The People’s National Movement (PNM) in Trinidad and Tobago, the party of which Dr. Eric Williams was the primary founding figure, is generally referred to as drawing most of its support from among Afro-Trinidadians. But although such core support has always come from this sector, it clearly wasn’t Williams’ intent, when crafting the PNM model for its 1956 launch, to create an “African people’s party.” The very first roster of winning PNM candidates, from the election in ’56 that allowed the party to form its first government, was reflective of a cosmopolitan mix of which Williams would frequently boast. Although Afro-Trinidadians formed the largest bloc, the lineup included individuals of Indo-Trinidadian, Chinese and Caucasian stock. One of the two Caucasians who had become a big crowd favorite in those early days of the party seeking to make its mark in the country’s political history, was Gerard Montano.
Years later, Montano would become a sacrificial lamb when Williams, in the face of the so-called Black Power unrest gripping the country as the 70s dawned, dispatched both Montano and fellow Caucasian John O’Halloran from the cabinet, in what was evidently a placating gesture. I have remained unconvinced of there having been true justification for that move, tending to see it more as a Williams overreaction than a response prevailing circumstances dictated. Whether in the next politically active Montano generation is to be found an indication of lingering anger over Williams’ offering up Gerard back then is speculative. But two Montano sons who’ve followed their father as jousters in the political arena, Robin and Danny, have given different signals, as far as loyalty to the party Williams founded.

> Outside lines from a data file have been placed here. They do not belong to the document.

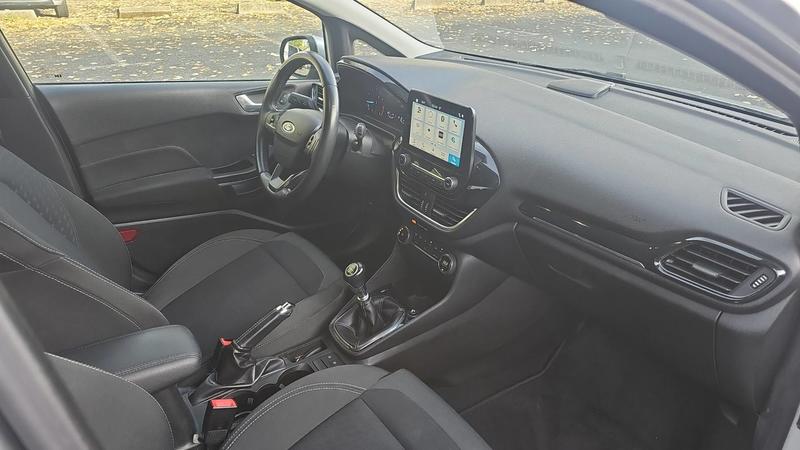 Ford Fiesta 1.0 EcoBoost 100 Titanium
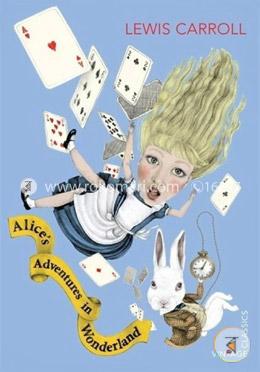 Alice's Adventures in Wonderland (Vintage Classics) image
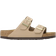 Birkenstock Arizona Soft Footbed Nubuck Leather - Sandcastle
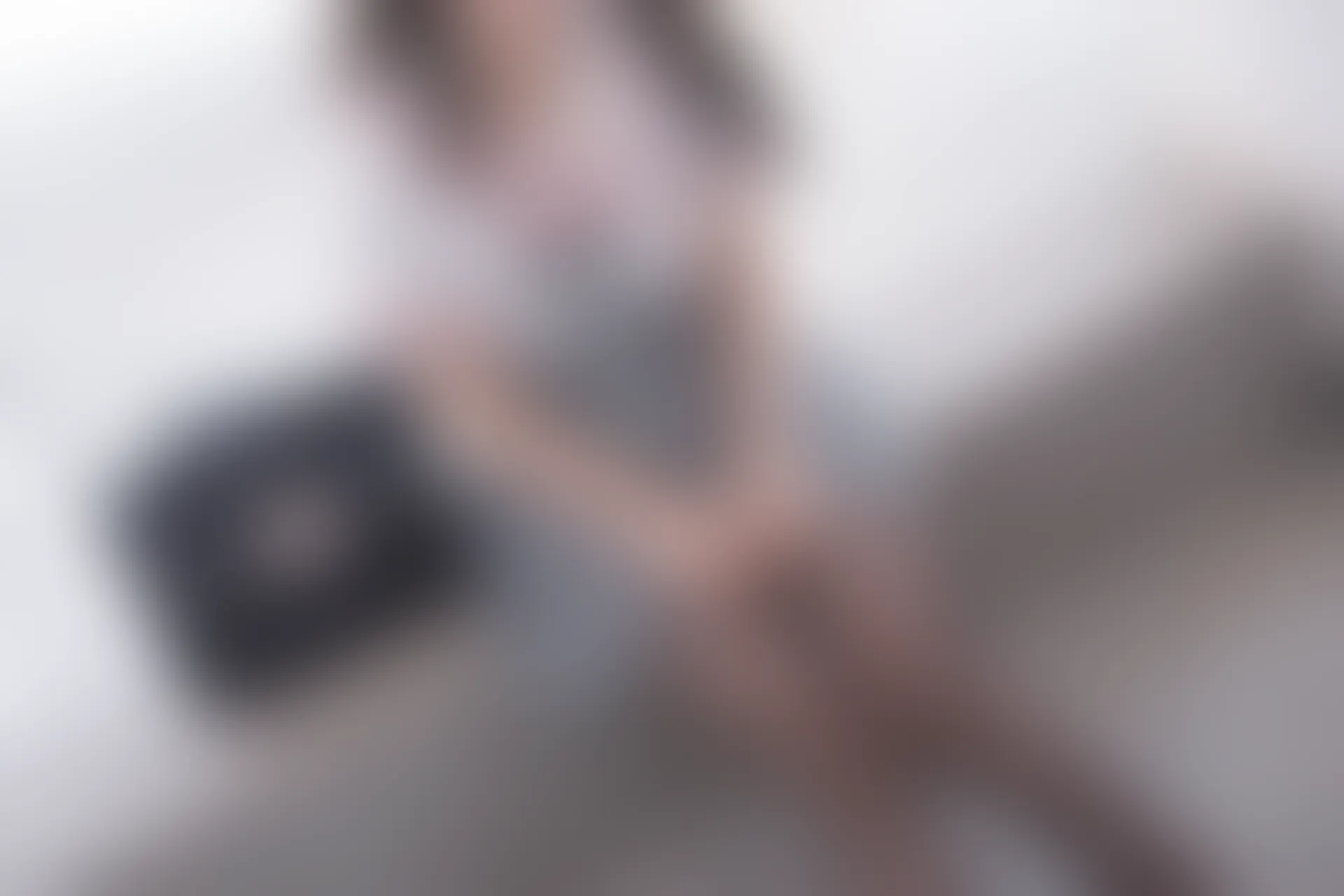 轻兰映画 SPL.007 [90P-774M]美腿, 轻兰映画, 黑丝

Robin Montano, whose politics has often had somewhat of a loose-cannon look, has shown no desire to be aligned with the PNM, quite the contrary in fact. Party affiliation-wise, brother Danny walked the PNM path of his late father and served in cabinet during Patrick Manning’s run as prime minister. But Danny Montano has lately been in the news in a manner that rightly should terminate his tenure in the PNM camp.
The political temperature in Trinidad and Tobago today is elevated, and figures to be even more so in upcoming months. Elections are due by May, 2015, when the government of Prime Minister Kamla Persad-Bissessar will have completed its five-year term. There is widespread expectation that whenever that election is called, the Bissessar government is likely to be turned out of office, following an accumulation of abuses of power that has at times looked contemptuous in its brazen arrogance. In the midst of this sizzling narrative is scheduled, in a few days, the PNM’s internal election, which for the first time will be conducted via a one-person-one-vote system introduced by current leader Dr. Keith Rowley, as opposed to the delegate bloc voting heretofore in place.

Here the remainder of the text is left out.